Eleanor Jablonsky, Individually and As Special Administratorof the Estate of George Jablonsky, Jr., Plaintiff-appellant, v. City of Vallejo; Brett Liddicoet, Individually and in Hiscapacity As an Officer of the Vallejo Police Department;wynathen Ketchum, Individually and in His Capacity As Anofficer of the Vallejo Police Department Aka Nathanielketchum; William Coop, Individually and As an Officer Inthe California Highway Patrol, Defendants-appellees, 65 F.3d 175 (9th Cir. 1995)Annotate this Case
Before: SNEED, KOZINSKI and NOONAN, Circuit Judges.
Eleanor Jablonsky comes before us seeking damages for the tragic death of her son, George Jablonsky, Jr., at the hands of a violent fellow inmate in the Solano County Jail. Though we sympathize with her plight, we find no error in the district court's grant of summary judgment for the remaining defendants.
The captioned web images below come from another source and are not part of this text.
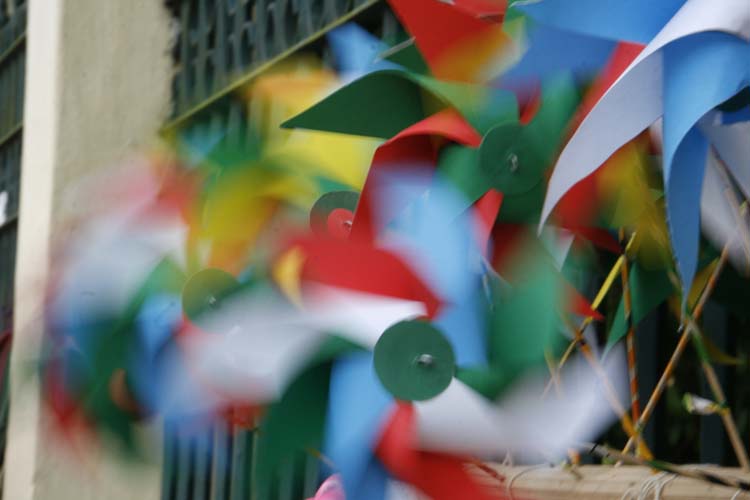 
        
            Garanta a diversão das crianças, com economia
        
    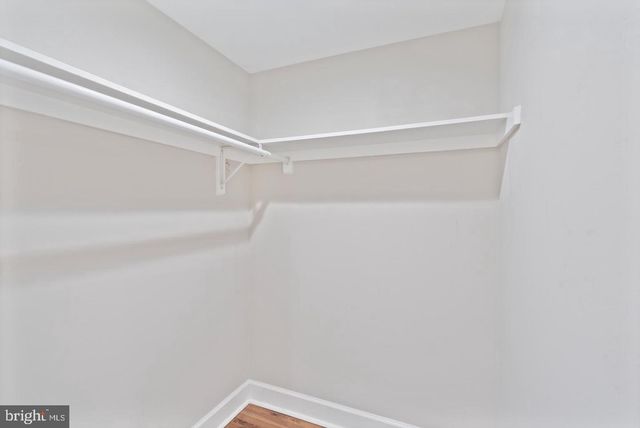 3819 ROLAND AVE, Baltimore, MD 21211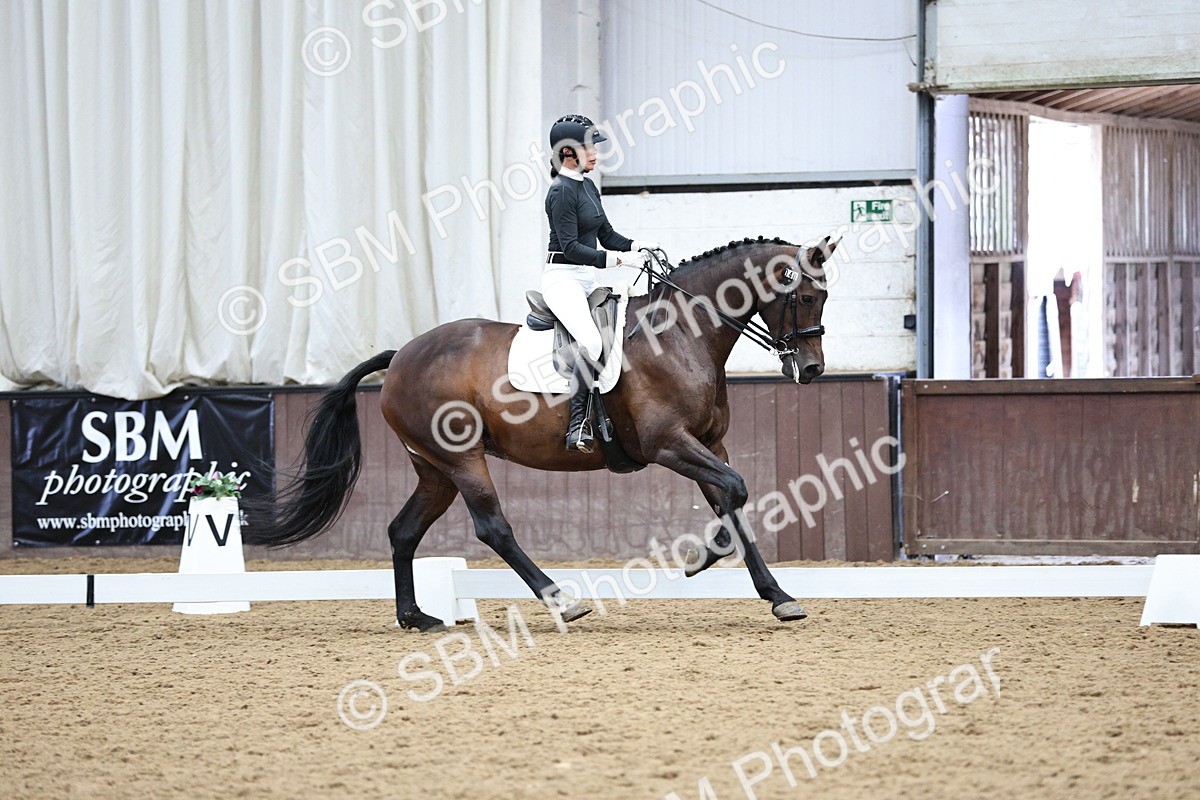 SBM_002149 - Class 10 - Medium 5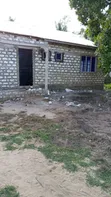 House for Sale in Kombani, Kwale County - 4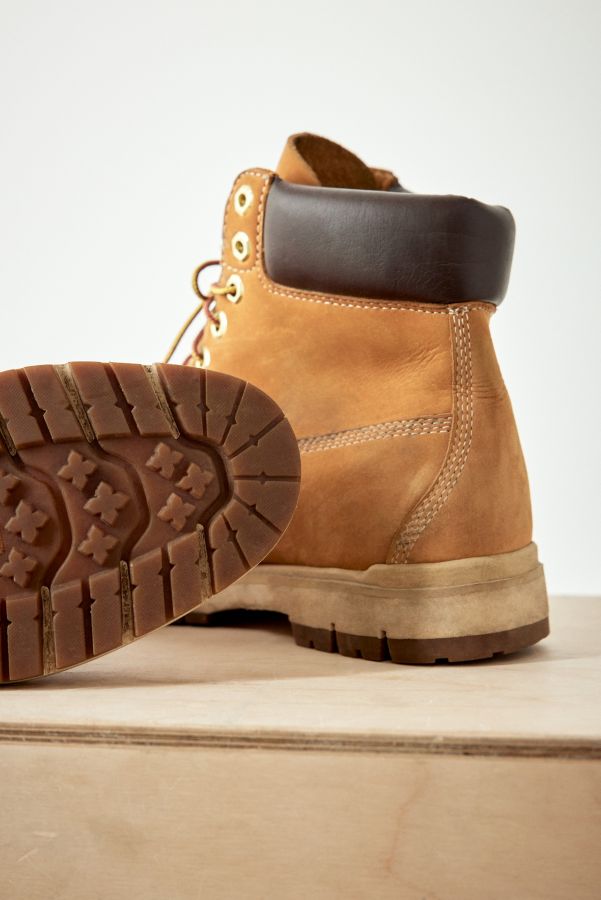 Vista de diapositivas: 3: Botas Timberland Únicas De Urban Renewal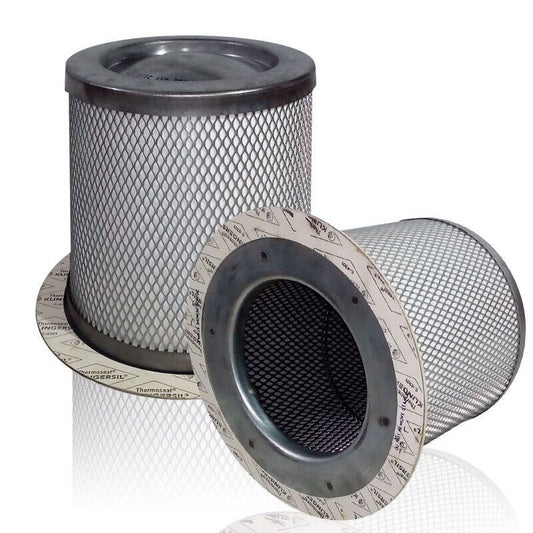 AS2211 Cummins Air/Oil Separator - Made in USA - 8000 Working Hours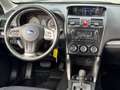 Subaru Forester 2.0 Luxury | APK 16-04-2026 | Automaat | Rijklaar Gris - thumbnail 15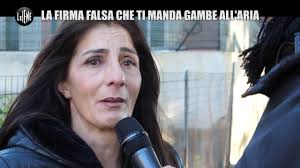 Le banche e il tasso di usura valutazione attuale: Perde La Casa Per Un Debito Mai Fatto Con Firma Falsa Le Iene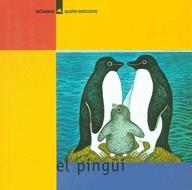 PINGÜÍ, EL | 9788424612238 | VARIOS AUTORES
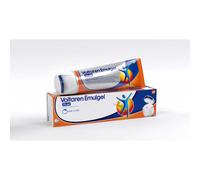 Voltaren Emulgel 2% Antinfiammatorio Diclofenac Dolori Articolari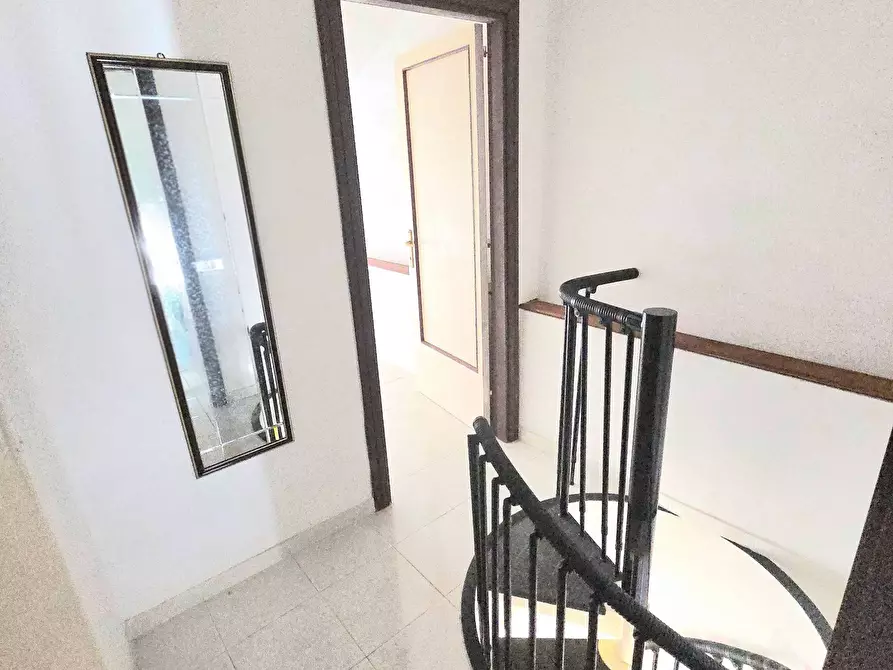 Immagine 8 di Appartamento in vendita  in Villa Tofo Sant'Eleuterio a Ancarano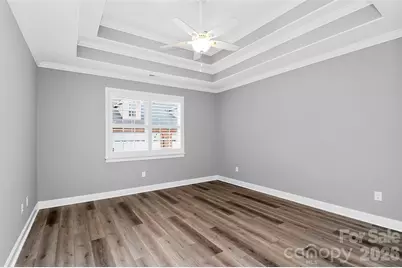 2311 Index Court, Denver, NC 28037 - Photo 21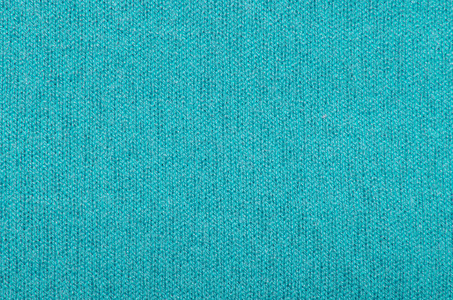 绿色亚麻织物与合成纤维在壁纸设计中的创新融合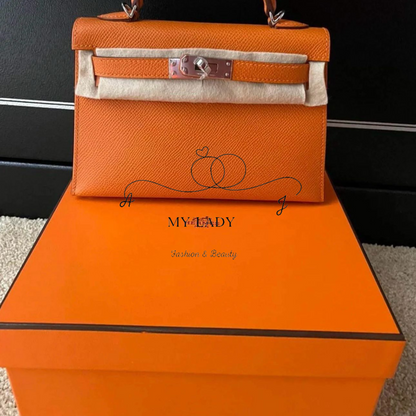 حقيبة يد "كايلي سوبر ماستر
1. We need not reach plaintiff's argument that the Fourth Amendment's "reasonableness" test provides the standard against which defendants' actions should be judged. Unlike the district court at the time it granted summary judgment, we have the advantage of factfinding by the jury. The defense verdict on Jablonsky's negligence claims establishes that she would have been unable to prevail against the defendants left in the case after plaintiff settled with the Solano County defendants.
The jury found Liddicoet was not negligent and, while it did declare Ketchum negligent, it didn't find that this negligence caused George Jablonsky's death. [See Special Verdict (Feb. 1, 1994), ER at 233.] It was obviously not unreasonable for Liddicoet to act with due diligence and, to the extent Ketchum may have acted unreasonably, he did not thereby harm George Jablonsky. Even were we to agree with plaintiff that the Fourth Amendment governs her claims, she could not prevail.
2. For precisely the same reasons, we uphold the grant of summary judgment in favor of Liddicoet and Ketchum on Jablonsky's Fourteenth Amendment due process claims. Since Liddicoet wasn't negligent and Ketchum's negligence did not affect George Jablonsky, neither officer can be said to have acted "unreasonably" with respect to the deceased.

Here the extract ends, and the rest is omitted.